*EXERCISE OBJECTIVE*
Once you find the line with "Blue Fox Mascot with Flag 3D Model" in the data below, transcribe exactly each line from there to the line with "Lakumu 3 Color", inclusive, and nothing else. Drop the pictures.

»»

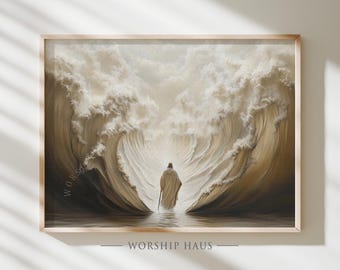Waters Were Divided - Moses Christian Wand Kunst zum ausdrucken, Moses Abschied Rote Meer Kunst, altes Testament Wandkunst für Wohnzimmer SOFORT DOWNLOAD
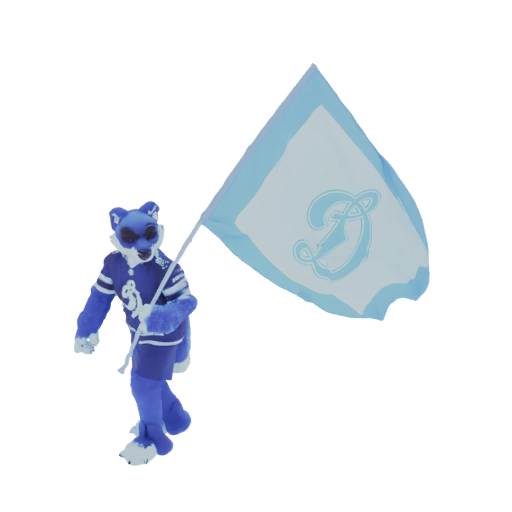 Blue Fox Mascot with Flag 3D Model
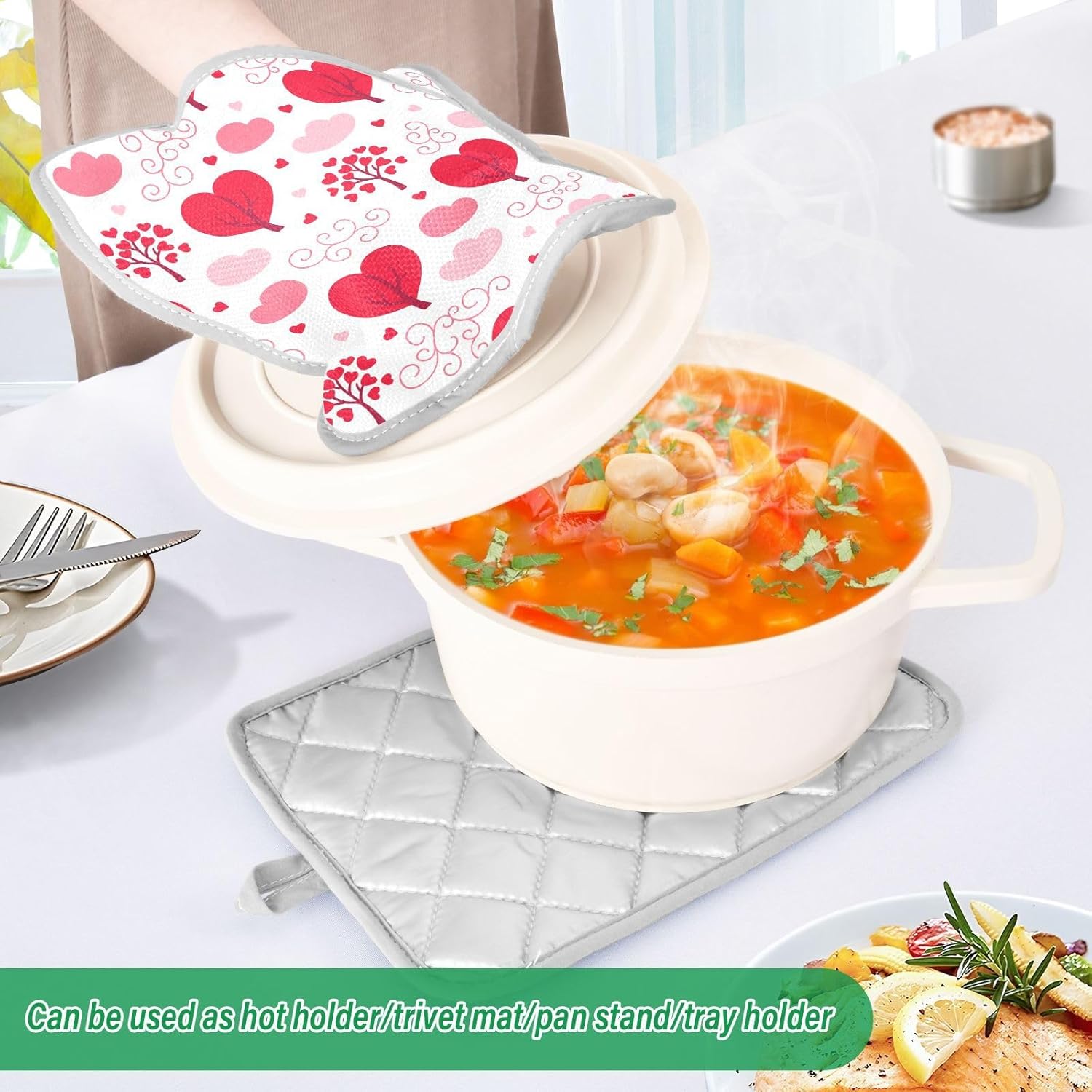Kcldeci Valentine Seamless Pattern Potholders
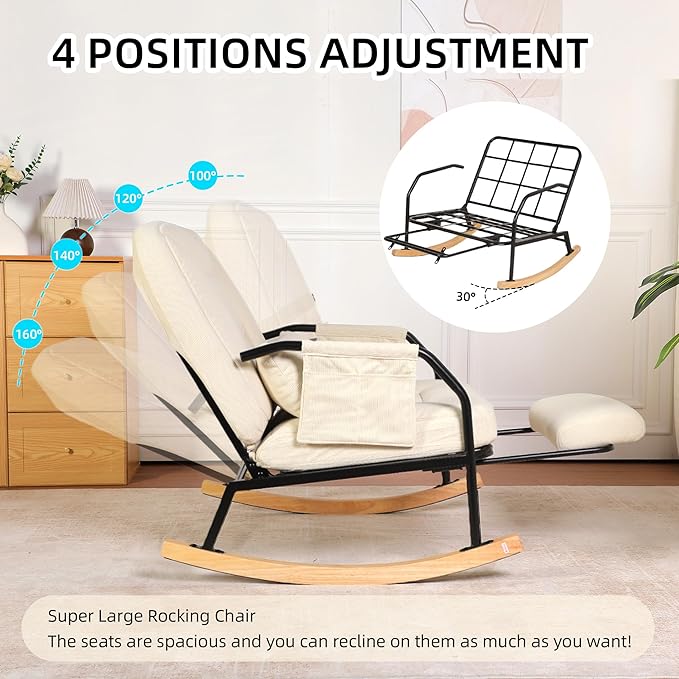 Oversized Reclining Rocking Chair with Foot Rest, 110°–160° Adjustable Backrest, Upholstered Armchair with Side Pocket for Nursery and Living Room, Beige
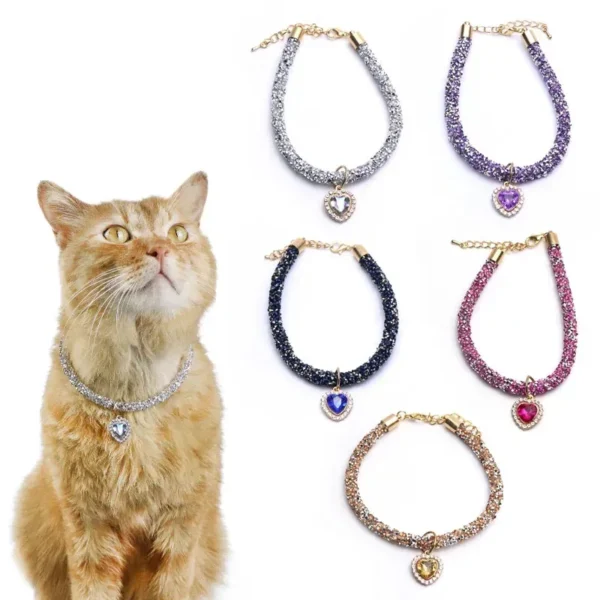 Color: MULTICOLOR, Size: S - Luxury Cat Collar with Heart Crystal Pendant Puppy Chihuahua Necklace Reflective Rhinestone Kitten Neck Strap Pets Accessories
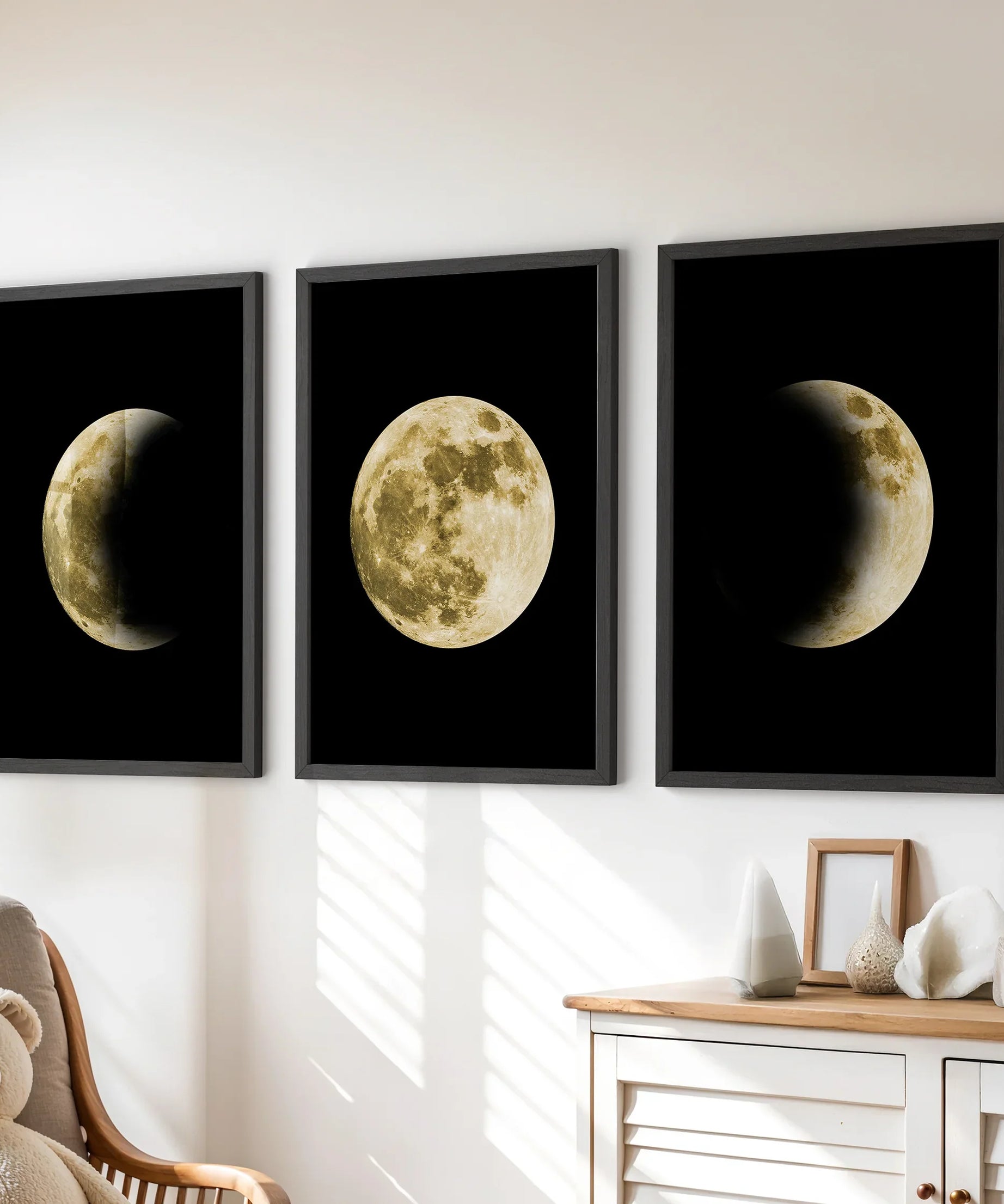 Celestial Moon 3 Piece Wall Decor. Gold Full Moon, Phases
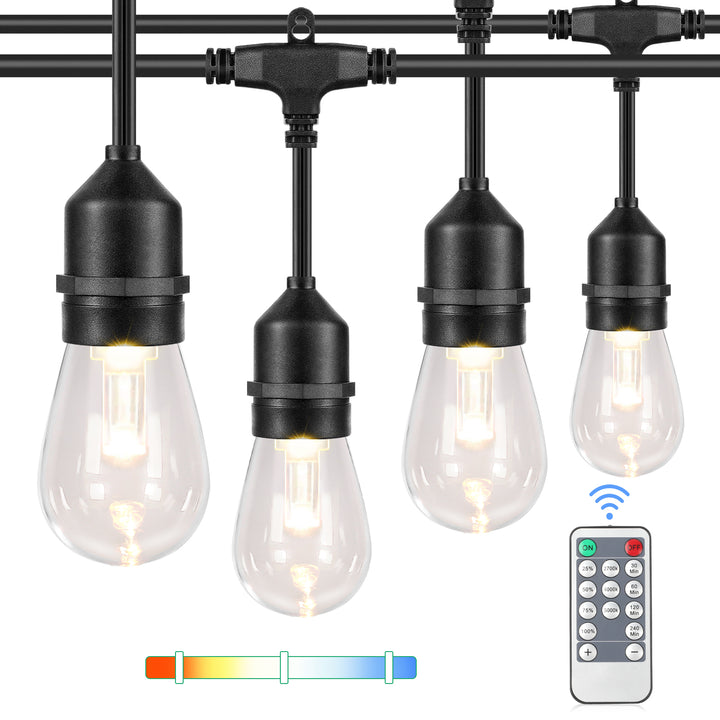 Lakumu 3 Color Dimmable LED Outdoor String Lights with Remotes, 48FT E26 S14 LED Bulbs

««
»»

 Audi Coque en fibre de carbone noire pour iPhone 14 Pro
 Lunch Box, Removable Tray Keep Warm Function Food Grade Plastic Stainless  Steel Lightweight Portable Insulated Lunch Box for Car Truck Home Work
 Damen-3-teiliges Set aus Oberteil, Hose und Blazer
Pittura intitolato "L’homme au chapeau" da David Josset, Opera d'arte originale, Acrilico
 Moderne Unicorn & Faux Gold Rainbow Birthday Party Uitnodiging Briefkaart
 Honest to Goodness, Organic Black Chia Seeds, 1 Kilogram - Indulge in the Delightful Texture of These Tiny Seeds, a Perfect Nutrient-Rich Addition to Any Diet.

««

*SOLUTION TO THIS TASK*
 Blue Fox Mascot with Flag 3D Model
Kcldeci Valentine Seamless Pattern Potholders
 Oversized Reclining Rocking Chair with Foot Rest, 110°–160° Adjustable Backrest, Upholstered Armchair with Side Pocket for Nursery and Living Room, Beige
 Color: MULTICOLOR, Size: S - Luxury Cat Collar with Heart Crystal Pendant Puppy Chihuahua Necklace Reflective Rhinestone Kitten Neck Strap Pets Accessories
 Celestial Moon 3 Piece Wall Decor. Gold Full Moon, Phases
 Lakumu 3 Color Dimmable LED Outdoor String Lights with Remotes, 48FT E26 S14 LED Bulbs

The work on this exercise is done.